Scientists made another discovery about Saturn, that after they recently revealed that the iconic rings of Saturn formed later in the planet’s history. Thanks to another set of data gathered by NASA’s Cassini space probe, a long-standing mystery has been solved – how long one Saturn day lasts? Accordingly, one Saturn day is about 10 Earth hours, while one year on Saturn is 29 Earth years.
The new study was carried out by the researchers from the University of California-Santa Cruz and published in the Astrophysical Journal. As the scientists reported, the new findings were possible thanks to data from the now extinct Cassini mission. Revealing how long one Saturn day lasts was impossible for astronomers until now as the information was hidden due to Saturn’s rings.
Since Cassini helped scientists learn more about the rings of the second-largest planet in the Solar System, they could now measure how long is a day on Saturn.
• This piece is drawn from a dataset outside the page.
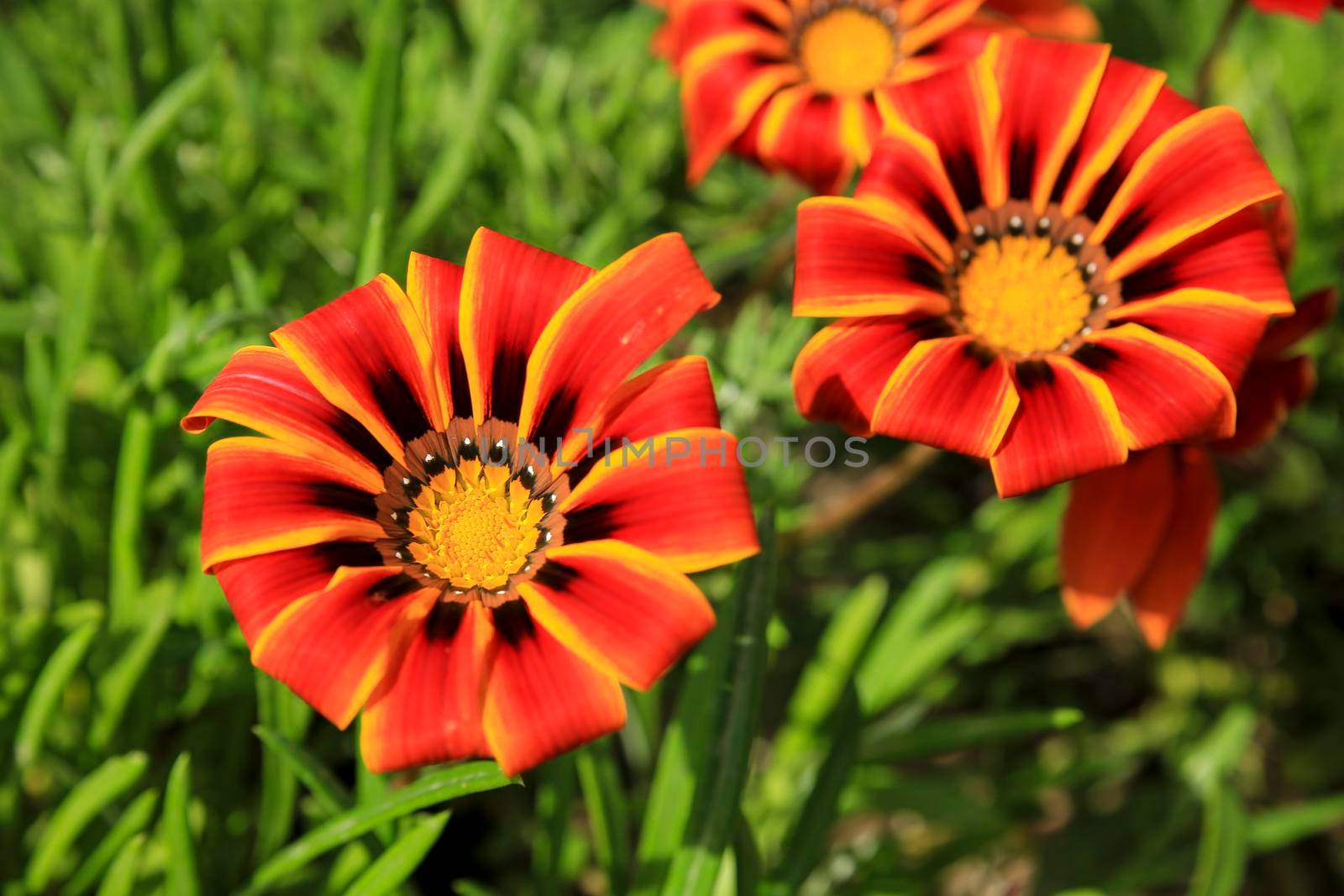 Colorful red, yellow and orange Gazania Linearis Flowers in the garden in Spring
One Saturn Day Is About 10 Earth Hours, While One Year Is 29 Earth Years
Christopher Mankovich, one of the study’s authors, examined the wave patterns in Saturn’s rings. According to Mankovich, the rings respond to vibrations to the vibrations of the planet. Saturn’s interior vibrates at frequencies that also influence its gravitational field, and then the planet’s rings detect those oscillations.
“Particles throughout the rings can’t help but feel these oscillations in the gravity field. At specific locations in the rings these oscillations catch ring particles at just the right time in their orbits to gradually build up energy, and that energy gets carried away as an observable wave,” said Christopher Mankovich who added that the planet’s rings held the answer to how long a Saturn day lasts.
“The researchers used waves in the rings to peer into Saturn’s interior, and out popped this long-sought, fundamental characteristic of the planet. And it’s a really solid result. The rings held the answer,” also said Linda Spilker, Cassini Project Scientist.